Source dataset JSON definition

{
    "name": "SampleSource",
    "properties": {
        "type": " SqlServerTable",
        "linkedServiceName": "TestIdentitySQL",
        "typeProperties": {
            "tableName": "SourceTbl"
        },
        "availability": {
            "frequency": "Hour",
            "interval": 1
        },
        "external": true,
        "policy": {}
    }
}

Destination dataset JSON definition

{
    "name": "SampleTarget",
    "properties": {
        "structure": [
            { "name": "name" },
            { "name": "age" }
        ],
        "type": "AzureSqlTable",
        "linkedServiceName": "TestIdentitySQLSource",
        "typeProperties": {
            "tableName": "TargetTbl"
        },
        "availability": {
            "frequency": "Hour",
            "interval": 1
        },
        "external": false,
        "policy": {}
    }
}

Notice that as your source and target table have different schema (target has an additional column with identity). In this scenario, you need to specify structure property in the target dataset definition, which doesn't include the identity column.

Invoke stored procedure from SQL sink

For an example of invoking a stored procedure from SQL sink in a copy activity of a pipeline, see Invoke stored procedure for SQL sink in copy activity article.

Type mapping for Azure SQL Database

As mentioned in the data movement activities article Copy activity performs automatic type conversions from source types to sink types with the following 2-step approach:

  1. Convert from native source types to .NET type
  2. Convert from .NET type to native sink type

When moving data to and from Azure SQL Database, the following mappings are used from SQL type to .NET type and vice versa. The mapping is same as the SQL Server Data Type Mapping for ADO.NET.
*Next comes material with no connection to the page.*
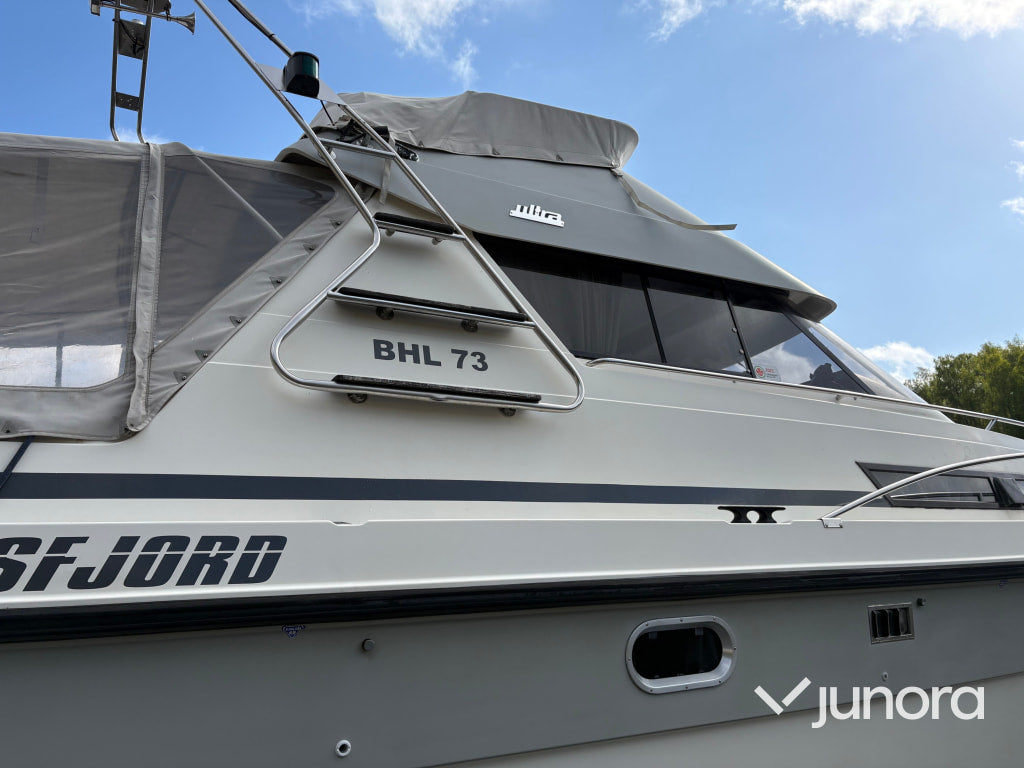Båt med trailer - Tresfjord, 33 Cabin Cruiser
SQL Server Database Engine type .NET Framework type
bigint Int64
binary Byte[]
bit Boolean
char String, Char[]
date DateTime
Datetime DateTime
datetime2 DateTime
Datetimeoffset DateTimeOffset
Decimal Decimal
FILESTREAM attribute (varbinary(max)) Byte[]
Float Double
image Byte[]
int Int32
money Decimal
nchar String, Char[]
ntext String, Char[]
numeric Decimal
nvarchar String, Char[]
real Single
rowversion Byte[]
smalldatetime DateTime
smallint Int16
smallmoney Decimal
sql_variant Object *
text String, Char[]
time TimeSpan
timestamp Byte[]
tinyint Byte
uniqueidentifier Guid
varbinary Byte[]
varchar String, Char[]
xml Xml

Map source to sink columns

To learn about mapping columns in source dataset to columns in sink dataset, see Mapping dataset columns in Azure Data Factory.

Repeatable copy

When copying data to SQL Server Database, the copy activity appends data to the sink table by default. To perform an UPSERT instead, See Repeatable write to SqlSink article.

When copying data from relational data stores, keep repeatability in mind to avoid unintended outcomes. In Azure Data Factory, you can rerun a slice manually. You can also configure retry policy for a dataset so that a slice is rerun when a failure occurs. When a slice is rerun in either way, you need to make sure that the same data is read no matter how many times a slice is run. See Repeatable read from relational sources.

Performance and Tuning

See Copy Activity Performance & Tuning Guide to learn about key factors that impact performance of data movement (Copy Activity) in Azure Data Factory and various ways to optimize it.